*** Opening of Recorded data ***

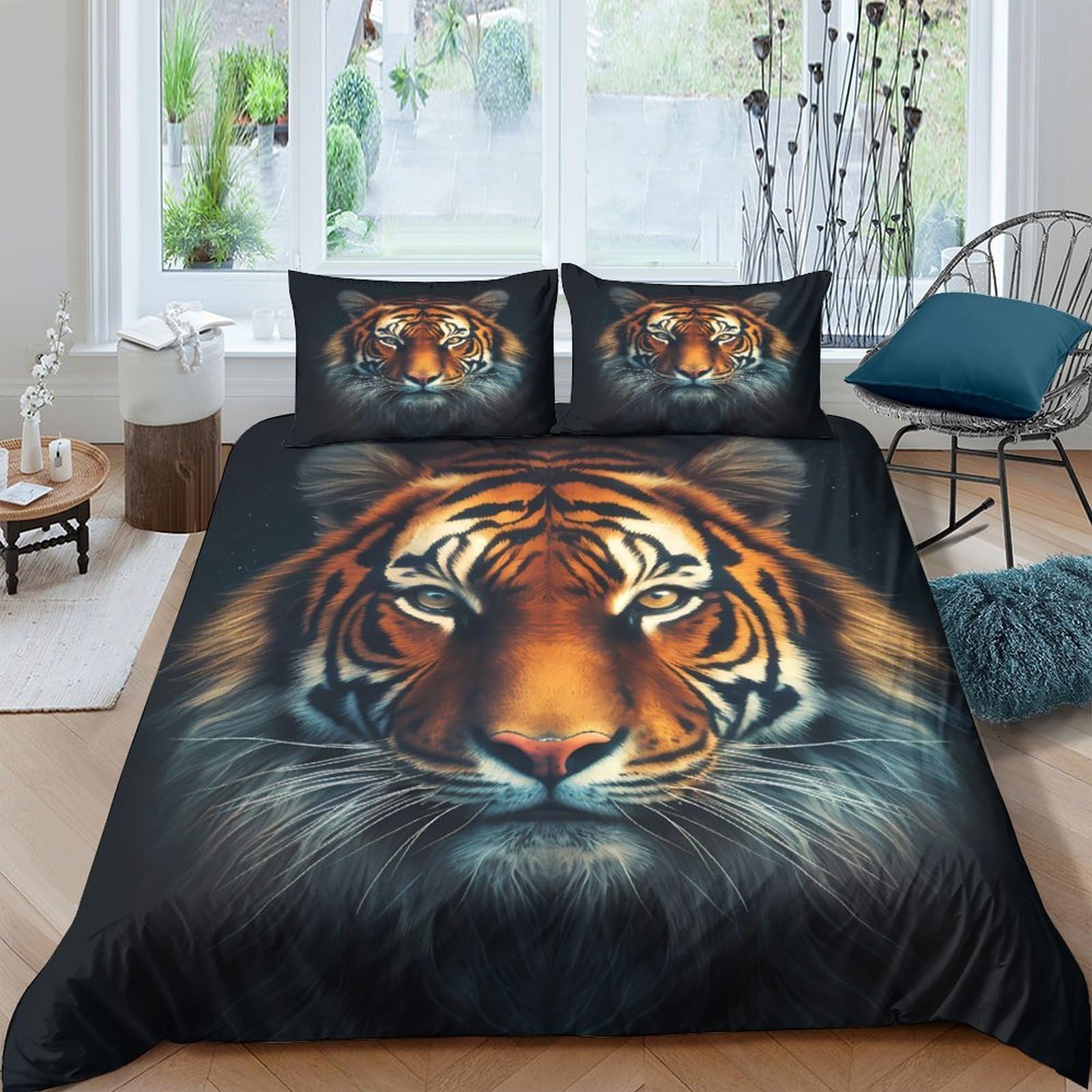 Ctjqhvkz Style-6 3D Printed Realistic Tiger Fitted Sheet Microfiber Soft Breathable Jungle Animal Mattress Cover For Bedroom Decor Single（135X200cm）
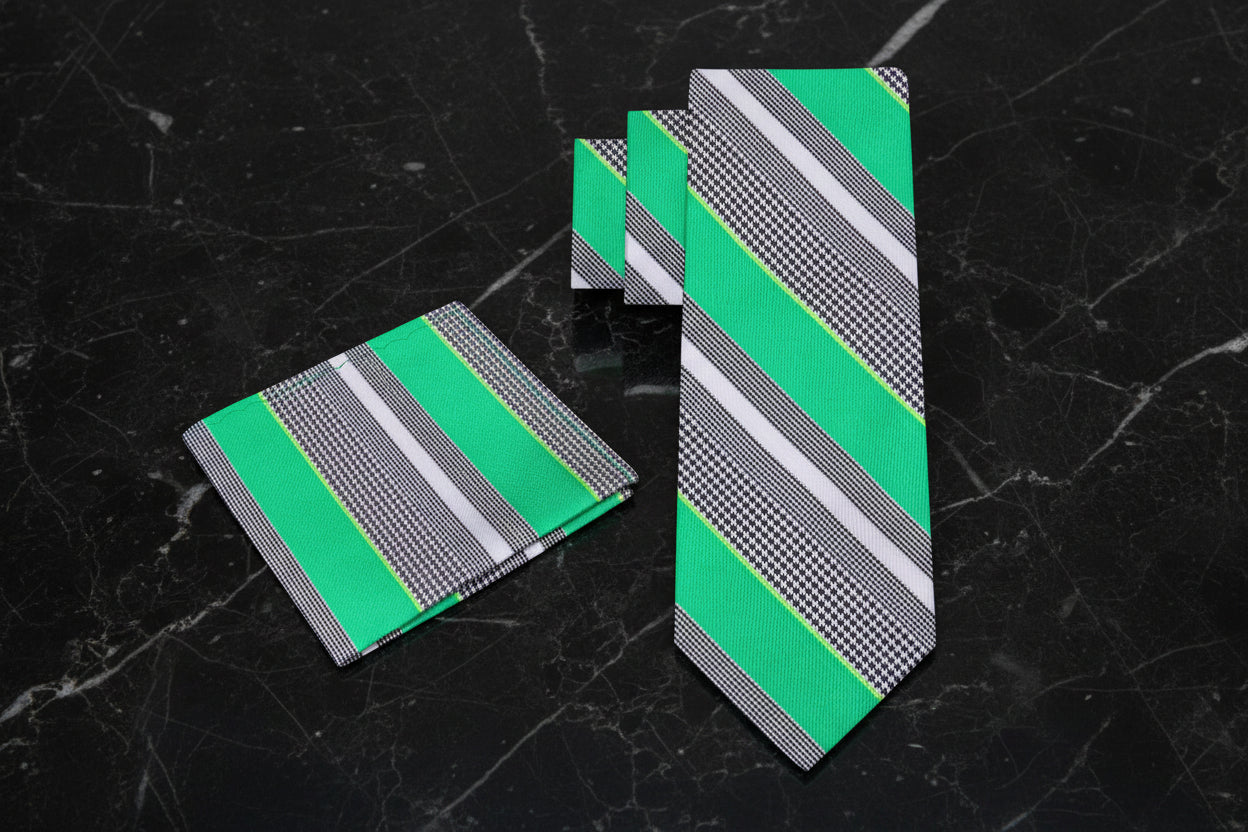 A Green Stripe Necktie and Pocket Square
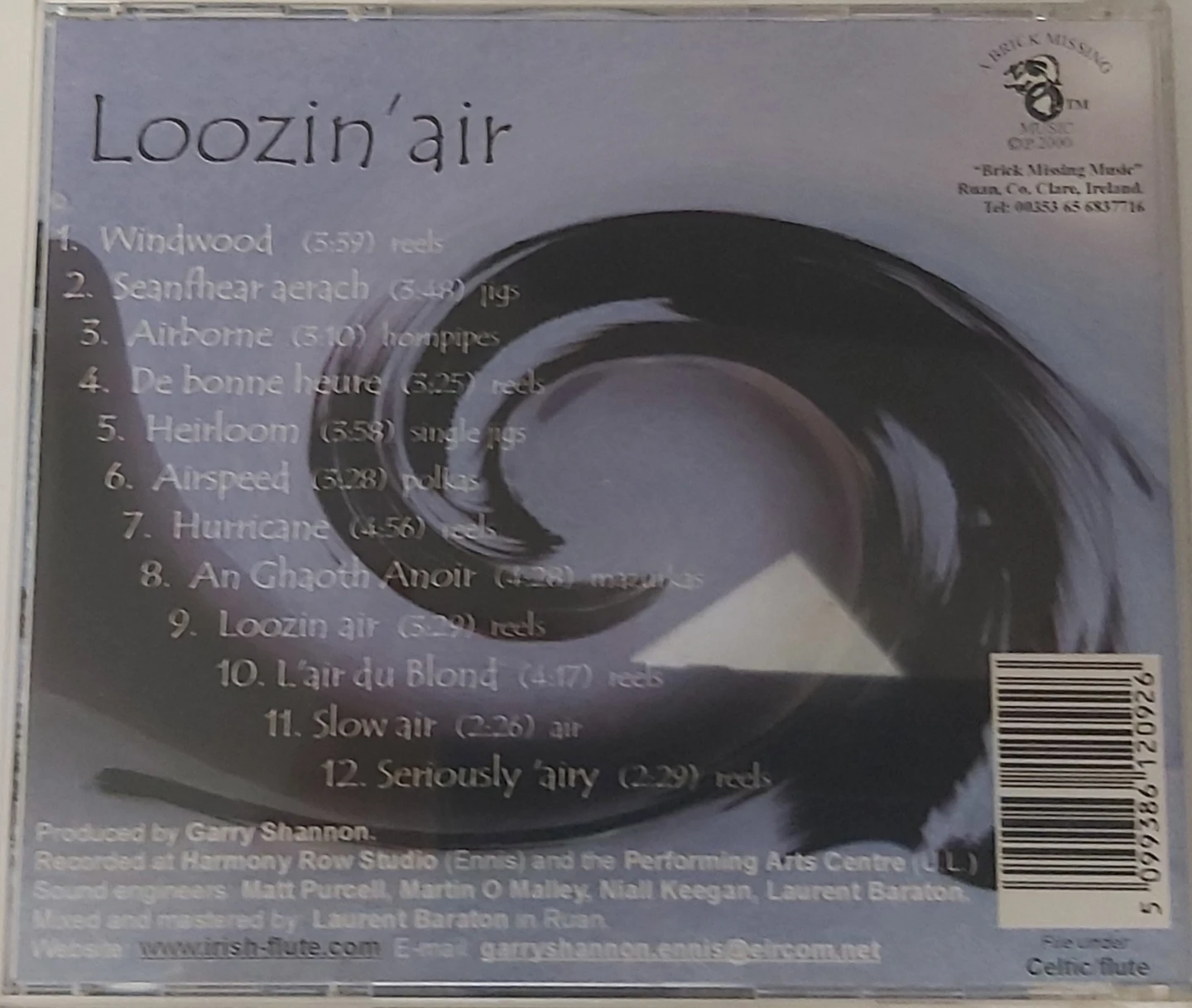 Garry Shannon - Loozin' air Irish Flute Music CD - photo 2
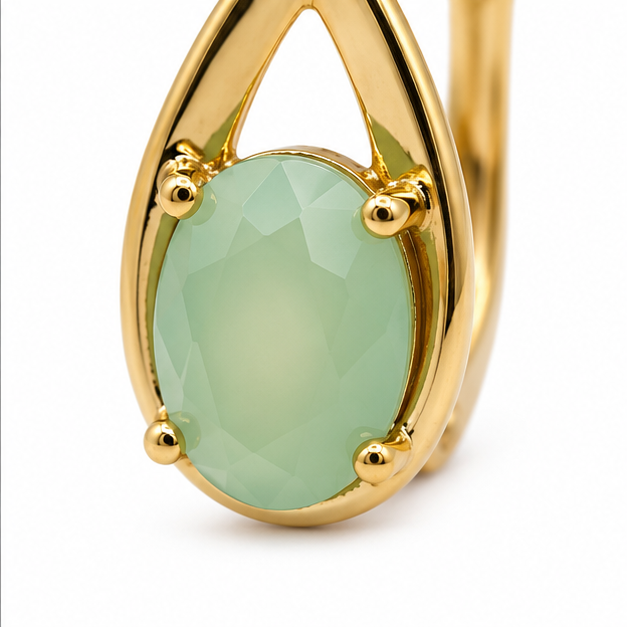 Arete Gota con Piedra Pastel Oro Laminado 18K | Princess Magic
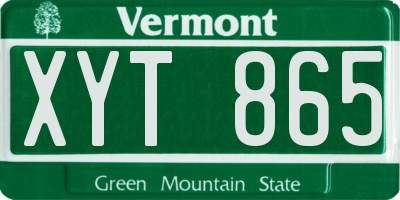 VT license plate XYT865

*** Close of Recorded data ***
*** Opening of Recorded data ***

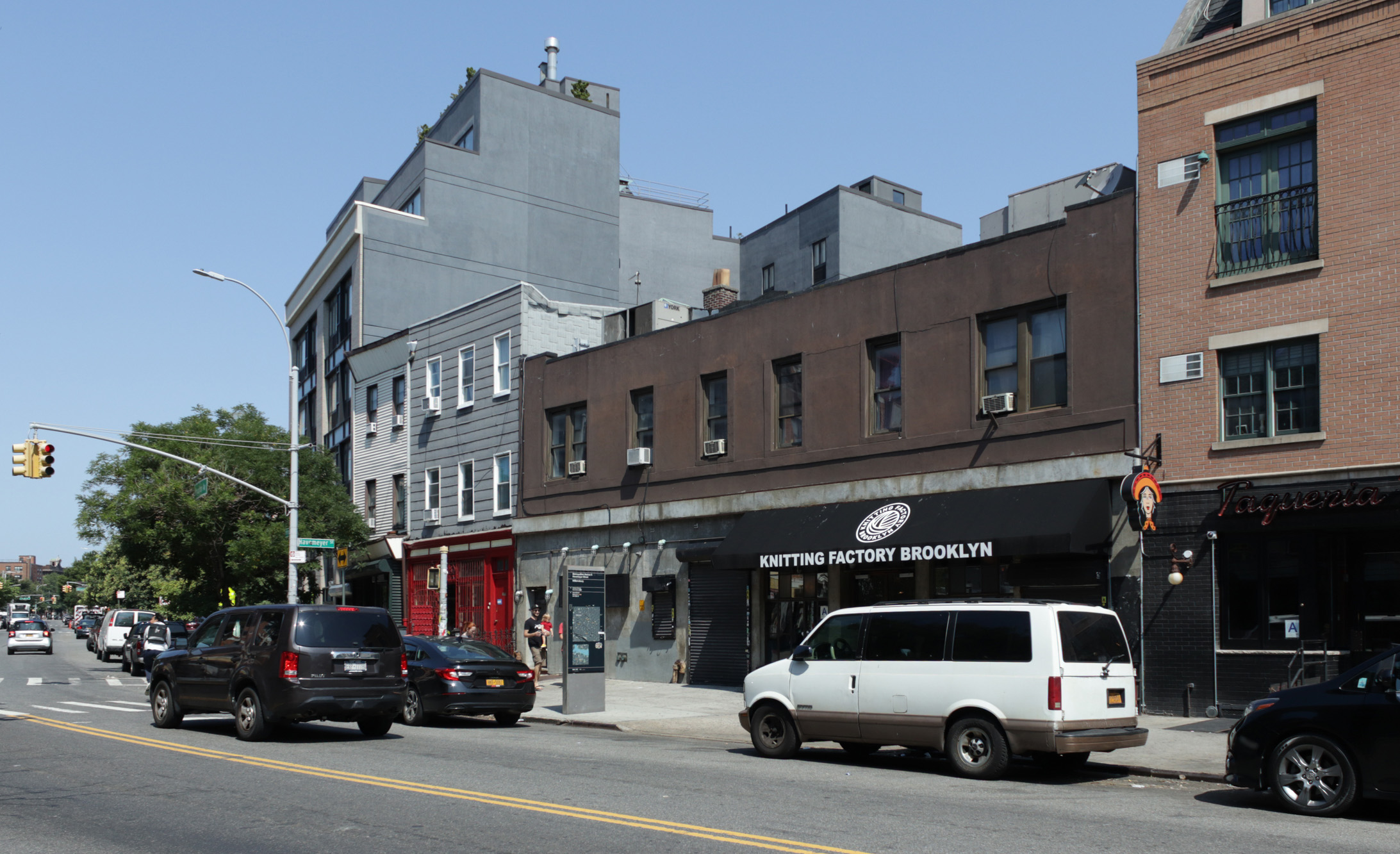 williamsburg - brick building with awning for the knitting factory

*** Close of Recorded data ***

Everything from the line with "A Green Stripe Necktie and Pocket Square" through the line with "VT license plate XYT865" in the material above should be transcribed exactly, except the pictures.

 A Green Stripe Necktie and Pocket Square
 Garry Shannon - Loozin' air Irish Flute Music CD - photo 2
 Arete Gota con Piedra Pastel Oro Laminado 18K | Princess Magic
 VT license plate XYT865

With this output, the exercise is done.